- **Brief**
Everything from the line with "As of now, the" to the end of the material is to be retyped exactly, both ends included, and nothing else.

- **Records provided**
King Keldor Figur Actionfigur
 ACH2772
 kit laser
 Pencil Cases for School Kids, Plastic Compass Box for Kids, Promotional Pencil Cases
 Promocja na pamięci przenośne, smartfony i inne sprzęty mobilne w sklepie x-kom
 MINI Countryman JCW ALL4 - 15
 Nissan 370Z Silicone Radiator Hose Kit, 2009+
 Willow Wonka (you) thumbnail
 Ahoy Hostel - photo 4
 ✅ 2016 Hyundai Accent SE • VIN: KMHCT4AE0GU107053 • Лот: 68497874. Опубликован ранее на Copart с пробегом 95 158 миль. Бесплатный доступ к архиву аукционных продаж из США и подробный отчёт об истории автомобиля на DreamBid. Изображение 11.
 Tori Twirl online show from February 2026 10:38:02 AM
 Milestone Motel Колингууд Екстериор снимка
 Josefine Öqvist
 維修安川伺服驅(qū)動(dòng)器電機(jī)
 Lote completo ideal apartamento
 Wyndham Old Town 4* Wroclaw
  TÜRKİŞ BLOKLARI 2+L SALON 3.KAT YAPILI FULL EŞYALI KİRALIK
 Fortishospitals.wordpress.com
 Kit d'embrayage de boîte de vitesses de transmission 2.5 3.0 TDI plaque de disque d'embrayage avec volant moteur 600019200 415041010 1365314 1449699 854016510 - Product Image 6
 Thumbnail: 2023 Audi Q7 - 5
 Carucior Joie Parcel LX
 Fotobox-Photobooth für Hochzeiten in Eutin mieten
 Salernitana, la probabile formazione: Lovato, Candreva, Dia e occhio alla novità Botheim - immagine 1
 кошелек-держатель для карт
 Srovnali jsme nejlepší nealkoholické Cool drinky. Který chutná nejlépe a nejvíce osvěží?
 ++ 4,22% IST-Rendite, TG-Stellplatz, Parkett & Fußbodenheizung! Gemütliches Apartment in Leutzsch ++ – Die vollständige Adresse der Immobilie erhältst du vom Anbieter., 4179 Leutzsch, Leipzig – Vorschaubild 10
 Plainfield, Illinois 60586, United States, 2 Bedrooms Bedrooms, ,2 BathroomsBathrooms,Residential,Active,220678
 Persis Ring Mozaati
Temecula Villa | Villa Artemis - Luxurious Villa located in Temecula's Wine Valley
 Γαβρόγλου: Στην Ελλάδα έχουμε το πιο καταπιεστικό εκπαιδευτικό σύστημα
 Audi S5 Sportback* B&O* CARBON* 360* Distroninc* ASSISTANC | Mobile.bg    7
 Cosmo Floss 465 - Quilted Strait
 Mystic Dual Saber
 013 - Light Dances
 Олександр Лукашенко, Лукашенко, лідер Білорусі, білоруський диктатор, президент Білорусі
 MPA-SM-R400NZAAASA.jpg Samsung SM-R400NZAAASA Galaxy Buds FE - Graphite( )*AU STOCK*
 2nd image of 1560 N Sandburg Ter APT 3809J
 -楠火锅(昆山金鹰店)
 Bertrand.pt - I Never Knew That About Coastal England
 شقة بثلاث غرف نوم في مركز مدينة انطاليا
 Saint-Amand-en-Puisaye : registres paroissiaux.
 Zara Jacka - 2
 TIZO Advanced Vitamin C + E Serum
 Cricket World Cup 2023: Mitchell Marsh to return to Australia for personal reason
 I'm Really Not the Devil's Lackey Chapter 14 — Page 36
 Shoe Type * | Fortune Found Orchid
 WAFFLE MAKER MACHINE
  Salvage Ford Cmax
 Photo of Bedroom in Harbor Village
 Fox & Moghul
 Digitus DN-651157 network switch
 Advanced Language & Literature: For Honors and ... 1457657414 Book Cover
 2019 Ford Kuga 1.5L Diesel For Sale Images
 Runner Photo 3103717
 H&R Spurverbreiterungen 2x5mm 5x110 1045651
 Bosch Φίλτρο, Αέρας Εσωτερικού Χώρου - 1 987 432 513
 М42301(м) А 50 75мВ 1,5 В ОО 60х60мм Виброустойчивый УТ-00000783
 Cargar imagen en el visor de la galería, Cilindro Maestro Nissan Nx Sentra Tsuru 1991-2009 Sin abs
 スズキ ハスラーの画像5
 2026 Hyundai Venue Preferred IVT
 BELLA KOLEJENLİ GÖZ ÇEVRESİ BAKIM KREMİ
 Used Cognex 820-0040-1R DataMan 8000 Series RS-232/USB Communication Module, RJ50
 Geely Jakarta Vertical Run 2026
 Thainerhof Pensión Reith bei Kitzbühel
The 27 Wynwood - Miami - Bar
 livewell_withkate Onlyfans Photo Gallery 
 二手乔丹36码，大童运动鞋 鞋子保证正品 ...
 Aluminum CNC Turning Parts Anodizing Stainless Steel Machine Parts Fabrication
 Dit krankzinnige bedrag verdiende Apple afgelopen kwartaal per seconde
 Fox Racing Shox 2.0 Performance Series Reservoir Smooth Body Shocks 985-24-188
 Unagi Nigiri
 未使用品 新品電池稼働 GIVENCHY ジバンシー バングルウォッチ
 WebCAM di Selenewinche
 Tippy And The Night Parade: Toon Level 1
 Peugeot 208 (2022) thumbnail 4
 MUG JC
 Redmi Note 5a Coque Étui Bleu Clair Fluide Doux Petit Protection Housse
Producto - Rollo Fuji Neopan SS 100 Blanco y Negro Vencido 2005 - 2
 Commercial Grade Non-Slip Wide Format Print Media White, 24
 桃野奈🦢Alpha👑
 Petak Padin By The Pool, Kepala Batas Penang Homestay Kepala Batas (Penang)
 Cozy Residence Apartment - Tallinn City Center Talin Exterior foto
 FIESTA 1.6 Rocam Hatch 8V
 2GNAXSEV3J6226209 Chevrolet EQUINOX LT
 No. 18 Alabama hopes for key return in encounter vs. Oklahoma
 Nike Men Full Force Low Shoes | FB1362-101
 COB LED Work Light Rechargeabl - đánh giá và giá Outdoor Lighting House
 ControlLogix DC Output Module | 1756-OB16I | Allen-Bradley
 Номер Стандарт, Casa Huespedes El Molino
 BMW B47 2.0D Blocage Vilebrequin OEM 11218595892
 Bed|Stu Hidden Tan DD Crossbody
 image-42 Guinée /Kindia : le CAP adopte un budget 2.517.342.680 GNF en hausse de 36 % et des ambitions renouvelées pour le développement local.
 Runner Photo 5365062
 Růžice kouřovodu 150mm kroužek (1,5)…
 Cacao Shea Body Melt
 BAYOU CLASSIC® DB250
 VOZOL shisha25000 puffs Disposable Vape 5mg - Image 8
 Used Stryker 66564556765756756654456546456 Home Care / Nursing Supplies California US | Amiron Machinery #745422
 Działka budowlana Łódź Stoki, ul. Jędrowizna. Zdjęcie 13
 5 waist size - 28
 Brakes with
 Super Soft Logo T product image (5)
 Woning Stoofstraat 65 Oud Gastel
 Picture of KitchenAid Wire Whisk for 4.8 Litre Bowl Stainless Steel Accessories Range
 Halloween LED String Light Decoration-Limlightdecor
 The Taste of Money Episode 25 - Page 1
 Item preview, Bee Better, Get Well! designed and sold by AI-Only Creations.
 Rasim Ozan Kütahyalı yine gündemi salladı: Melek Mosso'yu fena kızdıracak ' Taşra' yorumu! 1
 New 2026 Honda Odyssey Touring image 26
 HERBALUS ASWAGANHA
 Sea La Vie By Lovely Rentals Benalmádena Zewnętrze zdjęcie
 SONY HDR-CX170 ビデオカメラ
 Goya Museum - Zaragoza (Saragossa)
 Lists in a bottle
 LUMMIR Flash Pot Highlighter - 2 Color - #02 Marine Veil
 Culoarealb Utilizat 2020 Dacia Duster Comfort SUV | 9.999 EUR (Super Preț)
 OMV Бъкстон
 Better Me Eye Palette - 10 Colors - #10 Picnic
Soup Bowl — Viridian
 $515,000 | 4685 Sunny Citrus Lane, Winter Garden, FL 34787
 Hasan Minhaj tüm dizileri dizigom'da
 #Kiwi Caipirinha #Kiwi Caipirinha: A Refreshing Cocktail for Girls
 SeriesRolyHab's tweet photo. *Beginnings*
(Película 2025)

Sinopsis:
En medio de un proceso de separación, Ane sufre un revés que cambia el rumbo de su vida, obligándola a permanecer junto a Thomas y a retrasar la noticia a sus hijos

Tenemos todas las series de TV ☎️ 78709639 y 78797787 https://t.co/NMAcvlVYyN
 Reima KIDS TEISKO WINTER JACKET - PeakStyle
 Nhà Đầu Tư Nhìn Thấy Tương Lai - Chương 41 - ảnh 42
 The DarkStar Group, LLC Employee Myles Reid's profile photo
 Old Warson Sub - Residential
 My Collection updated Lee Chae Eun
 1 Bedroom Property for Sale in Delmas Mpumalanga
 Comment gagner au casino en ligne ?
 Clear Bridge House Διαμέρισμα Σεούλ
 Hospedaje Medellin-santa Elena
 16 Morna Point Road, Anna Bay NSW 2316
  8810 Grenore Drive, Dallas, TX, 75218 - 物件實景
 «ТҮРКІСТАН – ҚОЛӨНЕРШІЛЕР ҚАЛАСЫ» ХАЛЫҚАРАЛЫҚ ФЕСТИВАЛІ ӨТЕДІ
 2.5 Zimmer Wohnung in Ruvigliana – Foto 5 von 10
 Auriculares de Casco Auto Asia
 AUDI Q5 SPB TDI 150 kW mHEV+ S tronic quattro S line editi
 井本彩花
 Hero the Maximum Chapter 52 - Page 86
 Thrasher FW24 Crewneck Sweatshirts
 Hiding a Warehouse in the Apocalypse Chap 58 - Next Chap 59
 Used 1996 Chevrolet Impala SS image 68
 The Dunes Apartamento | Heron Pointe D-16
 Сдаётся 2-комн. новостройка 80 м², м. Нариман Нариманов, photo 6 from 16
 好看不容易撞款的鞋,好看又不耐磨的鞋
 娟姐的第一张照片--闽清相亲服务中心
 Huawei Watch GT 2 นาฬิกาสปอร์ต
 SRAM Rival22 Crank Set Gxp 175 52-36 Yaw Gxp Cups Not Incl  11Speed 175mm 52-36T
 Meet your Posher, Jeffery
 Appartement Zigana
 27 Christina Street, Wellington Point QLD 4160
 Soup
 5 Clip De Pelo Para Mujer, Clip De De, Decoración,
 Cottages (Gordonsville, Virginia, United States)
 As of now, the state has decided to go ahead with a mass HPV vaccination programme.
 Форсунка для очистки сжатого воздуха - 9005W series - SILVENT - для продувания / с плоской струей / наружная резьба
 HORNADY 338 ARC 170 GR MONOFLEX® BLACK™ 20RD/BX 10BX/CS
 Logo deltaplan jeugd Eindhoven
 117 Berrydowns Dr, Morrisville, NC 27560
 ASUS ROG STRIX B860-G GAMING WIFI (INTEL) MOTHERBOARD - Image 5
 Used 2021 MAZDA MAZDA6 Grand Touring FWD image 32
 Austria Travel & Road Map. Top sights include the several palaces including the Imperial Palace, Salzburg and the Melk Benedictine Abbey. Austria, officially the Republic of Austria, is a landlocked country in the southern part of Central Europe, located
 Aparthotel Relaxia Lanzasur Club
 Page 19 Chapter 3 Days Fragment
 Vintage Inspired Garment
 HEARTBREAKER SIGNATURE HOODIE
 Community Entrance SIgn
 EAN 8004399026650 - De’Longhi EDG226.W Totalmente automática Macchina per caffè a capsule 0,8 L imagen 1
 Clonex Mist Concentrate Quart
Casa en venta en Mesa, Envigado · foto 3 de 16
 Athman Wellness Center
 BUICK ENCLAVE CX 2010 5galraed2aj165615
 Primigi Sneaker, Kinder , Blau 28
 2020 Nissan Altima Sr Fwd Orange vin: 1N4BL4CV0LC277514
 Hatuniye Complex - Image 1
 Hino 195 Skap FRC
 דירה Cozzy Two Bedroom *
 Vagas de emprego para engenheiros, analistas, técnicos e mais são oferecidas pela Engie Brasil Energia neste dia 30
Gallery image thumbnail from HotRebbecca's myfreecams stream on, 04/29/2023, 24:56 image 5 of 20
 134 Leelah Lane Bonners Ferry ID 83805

- **Written response**
 As of now, the state has decided to go ahead with a mass HPV vaccination programme.
 Форсунка для очистки сжатого воздуха - 9005W series - SILVENT - для продувания / с плоской струей / наружная резьба
 HORNADY 338 ARC 170 GR MONOFLEX® BLACK™ 20RD/BX 10BX/CS
 Logo deltaplan jeugd Eindhoven
 117 Berrydowns Dr, Morrisville, NC 27560
 ASUS ROG STRIX B860-G GAMING WIFI (INTEL) MOTHERBOARD - Image 5
 Used 2021 MAZDA MAZDA6 Grand Touring FWD image 32
 Austria Travel & Road Map. Top sights include the several palaces including the Imperial Palace, Salzburg and the Melk Benedictine Abbey. Austria, officially the Republic of Austria, is a landlocked country in the southern part of Central Europe, located
 Aparthotel Relaxia Lanzasur Club
 Page 19 Chapter 3 Days Fragment
 Vintage Inspired Garment
 HEARTBREAKER SIGNATURE HOODIE
 Community Entrance SIgn
 EAN 8004399026650 - De’Longhi EDG226.W Totalmente automática Macchina per caffè a capsule 0,8 L imagen 1
 Clonex Mist Concentrate Quart
Casa en venta en Mesa, Envigado · foto 3 de 16
 Athman Wellness Center
 BUICK ENCLAVE CX 2010 5galraed2aj165615
 Primigi Sneaker, Kinder , Blau 28
 2020 Nissan Altima Sr Fwd Orange vin: 1N4BL4CV0LC277514
 Hatuniye Complex - Image 1
 Hino 195 Skap FRC
 דירה Cozzy Two Bedroom *
 Vagas de emprego para engenheiros, analistas, técnicos e mais são oferecidas pela Engie Brasil Energia neste dia 30
Gallery image thumbnail from HotRebbecca's myfreecams stream on, 04/29/2023, 24:56 image 5 of 20
 134 Leelah Lane Bonners Ferry ID 83805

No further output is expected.